[Problem to solve]
An exact copy of every line from the one holding "ZA7P2T South Carolina License Plate" to the end of the entries below is required; leave the pictures out.
-.-.-
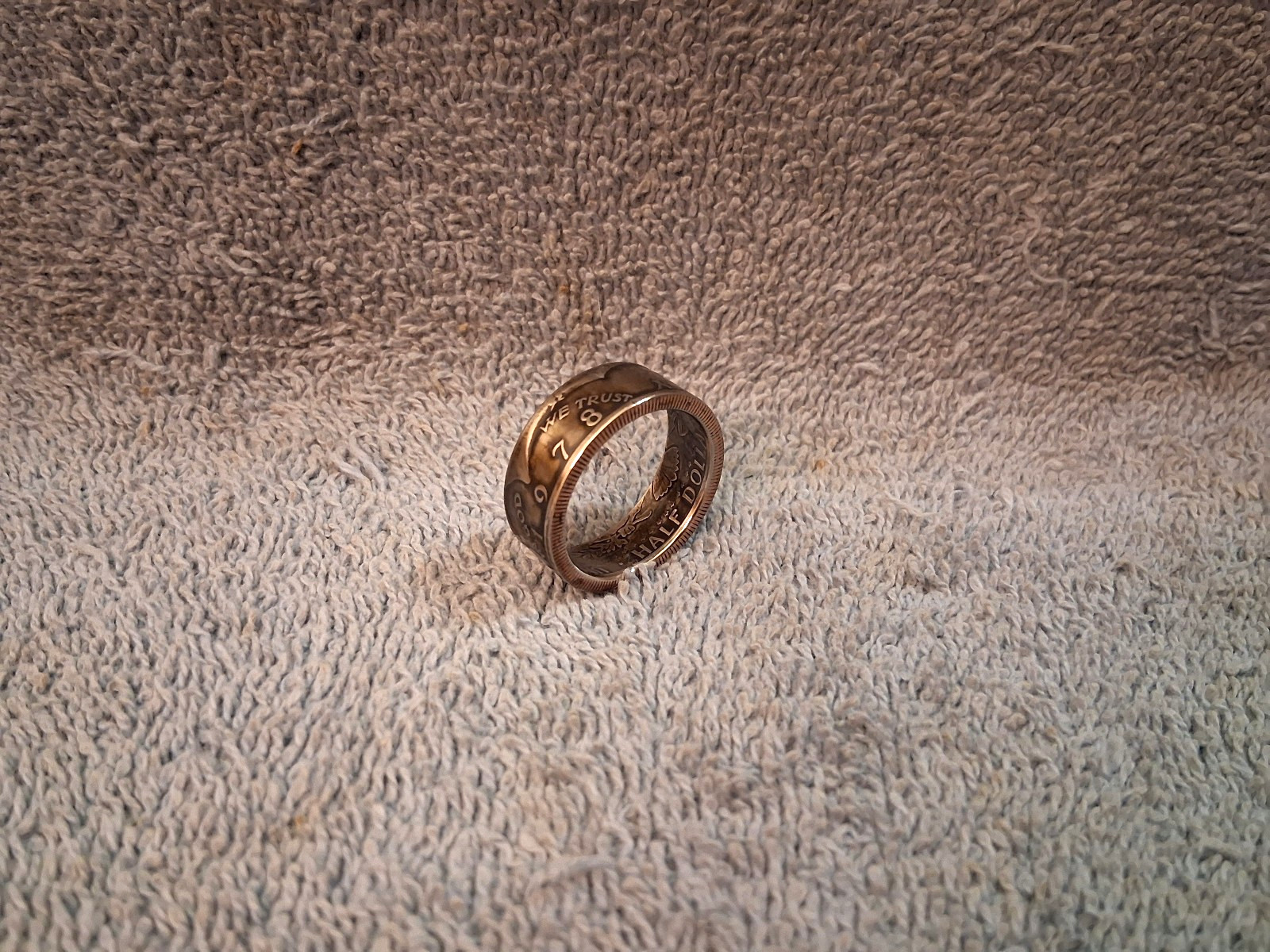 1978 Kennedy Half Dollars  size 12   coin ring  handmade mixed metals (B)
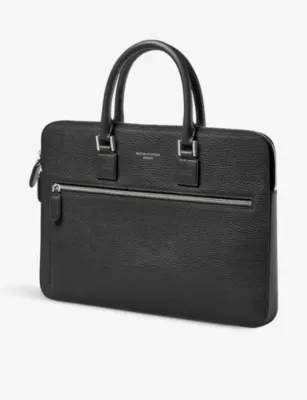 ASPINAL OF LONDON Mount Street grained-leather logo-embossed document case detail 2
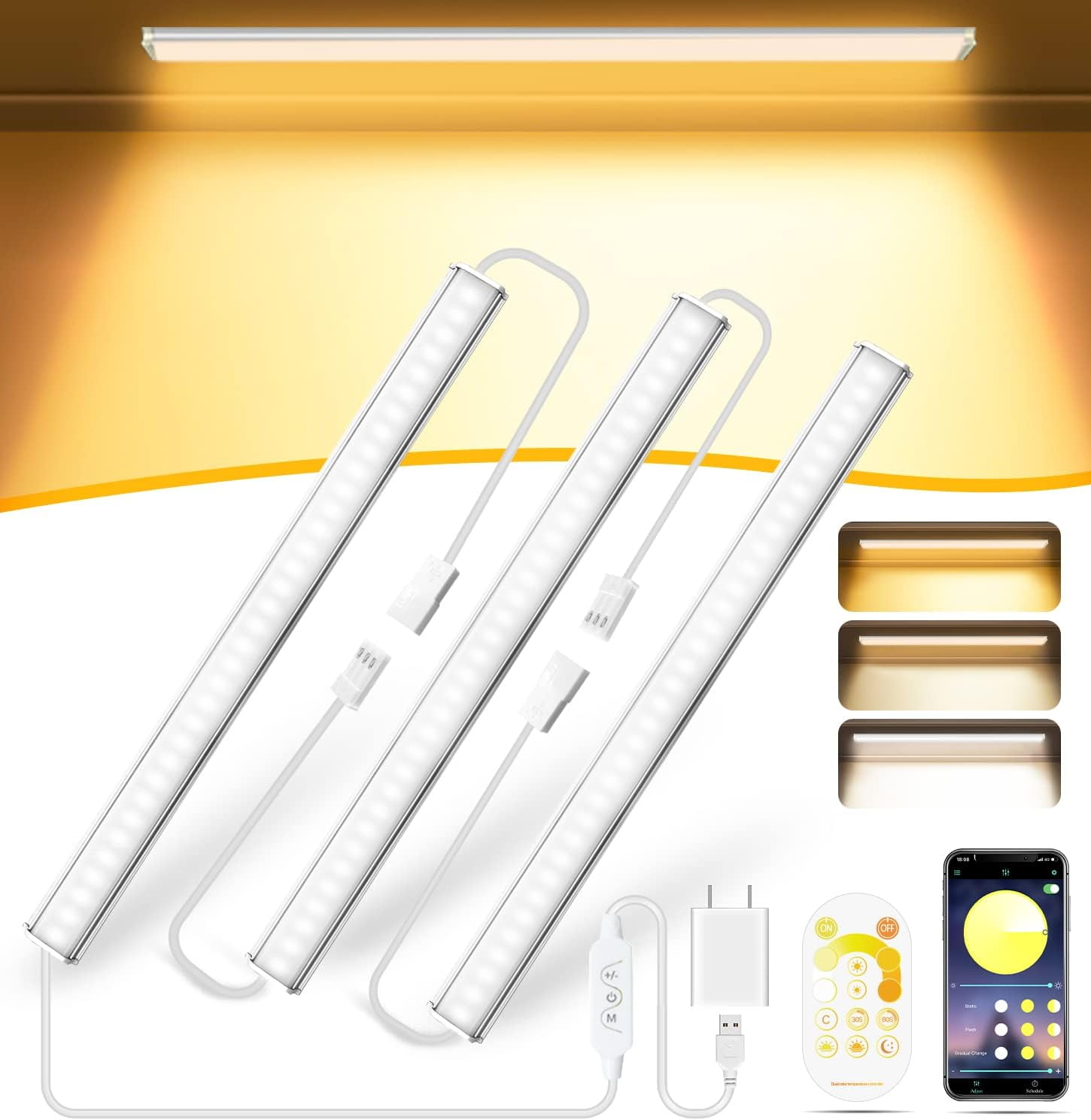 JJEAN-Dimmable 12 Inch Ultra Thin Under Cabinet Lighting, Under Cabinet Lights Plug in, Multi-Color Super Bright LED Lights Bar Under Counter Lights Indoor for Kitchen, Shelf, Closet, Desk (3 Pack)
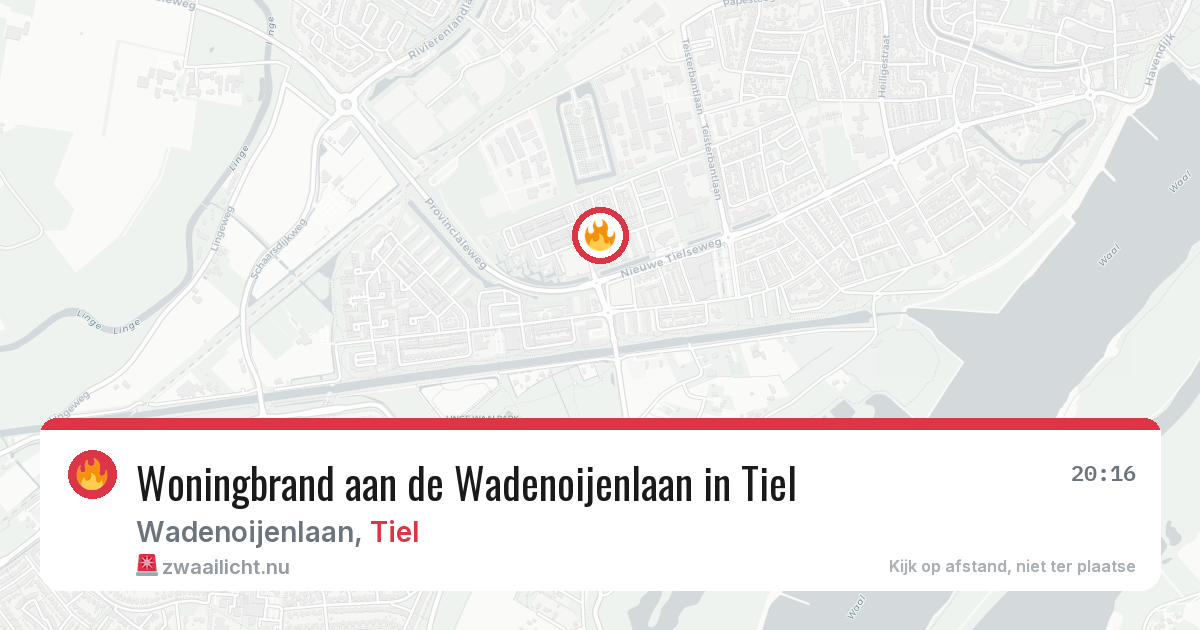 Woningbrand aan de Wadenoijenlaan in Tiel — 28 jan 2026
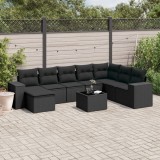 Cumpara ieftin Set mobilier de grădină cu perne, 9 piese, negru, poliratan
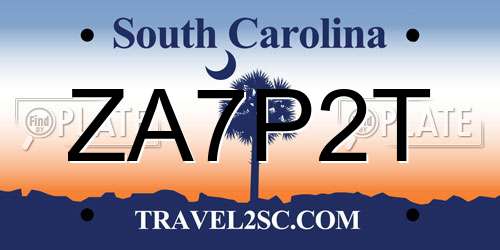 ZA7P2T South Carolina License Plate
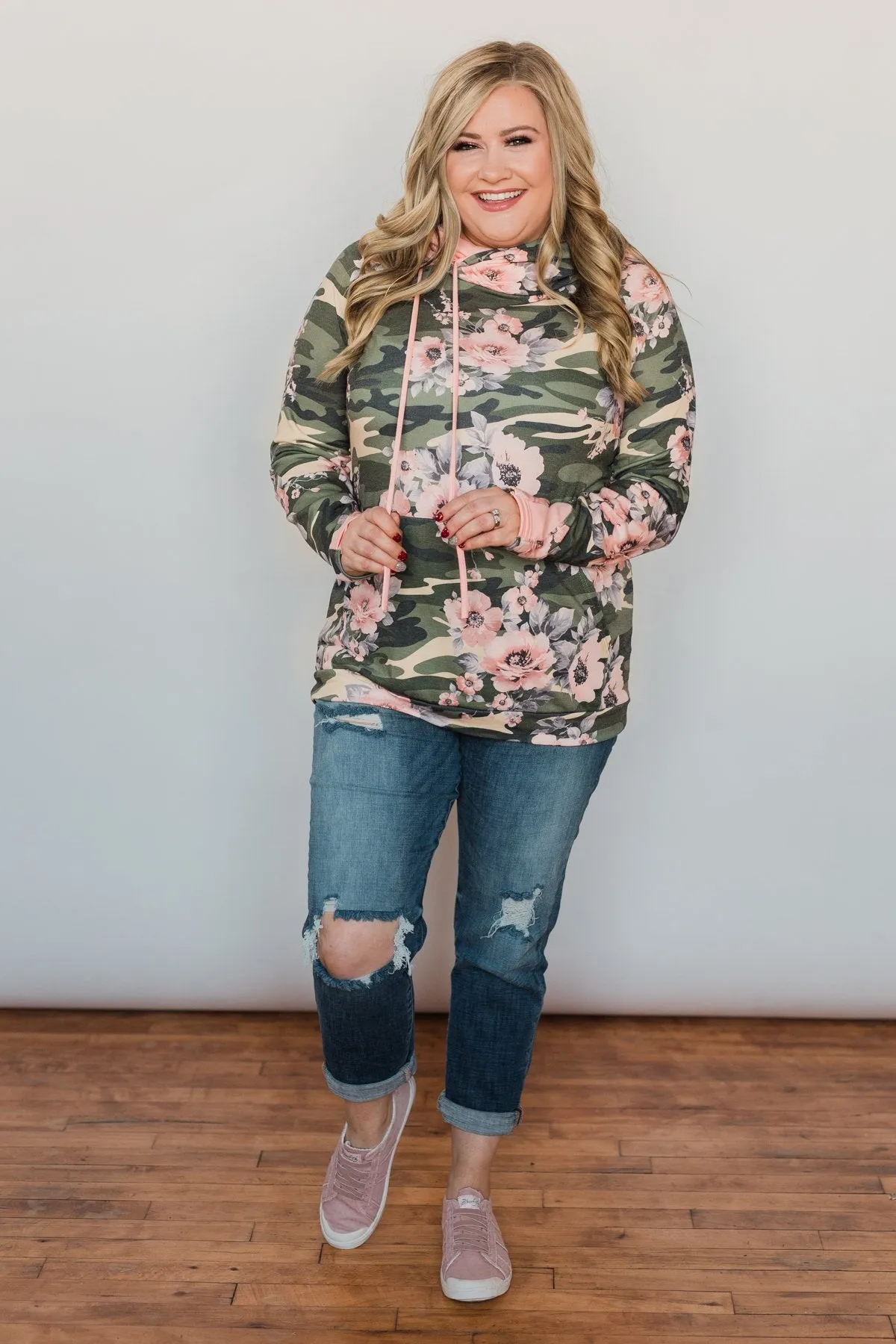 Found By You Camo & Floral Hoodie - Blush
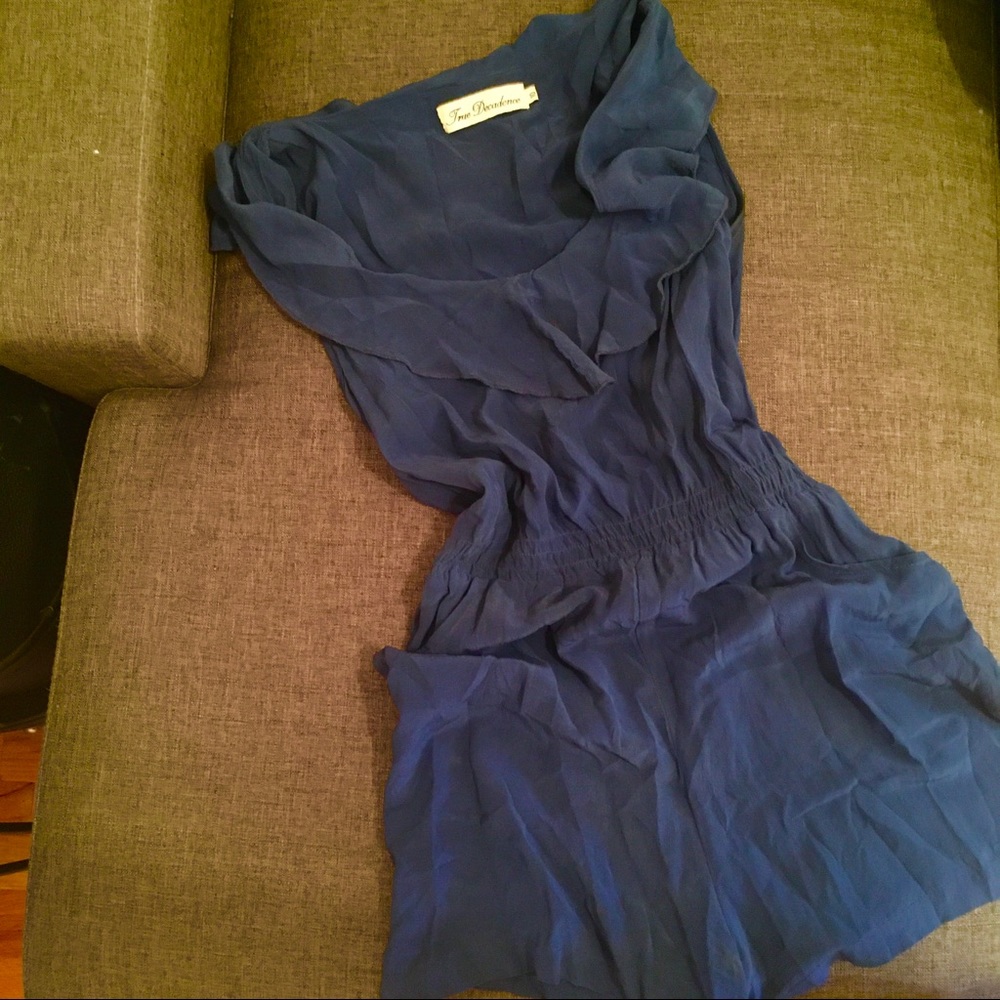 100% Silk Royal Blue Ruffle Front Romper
-.-.-
[Response to this task]
 ZA7P2T South Carolina License Plate
 Found By You Camo & Floral Hoodie - Blush
 100% Silk Royal Blue Ruffle Front Romper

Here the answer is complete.